* Exercise objective: The expected answer is the set of lines in the data below between the line holding "A child washes hands" and the line holding "23918 Overcup Drive", inclusive, written out exactly.

* Records for the exercise:

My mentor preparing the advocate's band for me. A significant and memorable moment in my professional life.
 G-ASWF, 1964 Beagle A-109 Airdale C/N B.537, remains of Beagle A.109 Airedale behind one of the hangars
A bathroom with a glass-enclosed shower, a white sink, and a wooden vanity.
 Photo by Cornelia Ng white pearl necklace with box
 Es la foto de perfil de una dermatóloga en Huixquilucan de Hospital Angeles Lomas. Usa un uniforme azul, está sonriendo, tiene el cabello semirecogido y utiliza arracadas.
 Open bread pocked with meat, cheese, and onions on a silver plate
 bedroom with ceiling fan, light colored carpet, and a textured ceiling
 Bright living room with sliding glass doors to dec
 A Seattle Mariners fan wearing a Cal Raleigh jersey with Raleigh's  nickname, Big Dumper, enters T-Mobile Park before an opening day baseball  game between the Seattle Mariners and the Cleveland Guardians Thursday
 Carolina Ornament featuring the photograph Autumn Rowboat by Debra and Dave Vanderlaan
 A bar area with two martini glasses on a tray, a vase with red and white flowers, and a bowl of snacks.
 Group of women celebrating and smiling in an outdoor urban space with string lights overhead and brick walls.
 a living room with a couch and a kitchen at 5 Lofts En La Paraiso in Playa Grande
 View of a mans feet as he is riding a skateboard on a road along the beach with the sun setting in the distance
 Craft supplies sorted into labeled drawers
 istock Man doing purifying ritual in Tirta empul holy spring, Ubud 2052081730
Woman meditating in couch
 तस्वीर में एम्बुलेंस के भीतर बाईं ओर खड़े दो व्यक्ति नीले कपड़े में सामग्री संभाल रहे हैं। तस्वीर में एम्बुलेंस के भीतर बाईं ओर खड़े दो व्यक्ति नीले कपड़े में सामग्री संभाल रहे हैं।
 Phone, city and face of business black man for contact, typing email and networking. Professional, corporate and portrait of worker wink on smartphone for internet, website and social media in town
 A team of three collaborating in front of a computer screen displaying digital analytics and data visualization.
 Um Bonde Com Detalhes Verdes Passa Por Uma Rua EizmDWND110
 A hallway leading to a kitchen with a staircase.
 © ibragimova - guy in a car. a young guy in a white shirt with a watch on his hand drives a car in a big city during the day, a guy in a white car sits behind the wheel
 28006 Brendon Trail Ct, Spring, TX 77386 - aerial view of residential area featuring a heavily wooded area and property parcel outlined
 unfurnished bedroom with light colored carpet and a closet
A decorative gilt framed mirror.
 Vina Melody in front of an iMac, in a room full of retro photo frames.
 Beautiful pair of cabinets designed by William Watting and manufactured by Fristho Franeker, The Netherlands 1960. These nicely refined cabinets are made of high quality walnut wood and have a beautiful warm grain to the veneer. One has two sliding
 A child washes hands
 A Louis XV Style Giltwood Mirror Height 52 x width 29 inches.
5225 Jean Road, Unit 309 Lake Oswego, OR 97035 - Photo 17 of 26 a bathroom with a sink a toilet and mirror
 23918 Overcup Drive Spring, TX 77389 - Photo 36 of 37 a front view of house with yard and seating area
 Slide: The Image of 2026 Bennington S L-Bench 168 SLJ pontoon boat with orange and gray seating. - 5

* Response to the exercise:
 A child washes hands
 A Louis XV Style Giltwood Mirror Height 52 x width 29 inches.
5225 Jean Road, Unit 309 Lake Oswego, OR 97035 - Photo 17 of 26 a bathroom with a sink a toilet and mirror
 23918 Overcup Drive Spring, TX 77389 - Photo 36 of 37 a front view of house with yard and seating area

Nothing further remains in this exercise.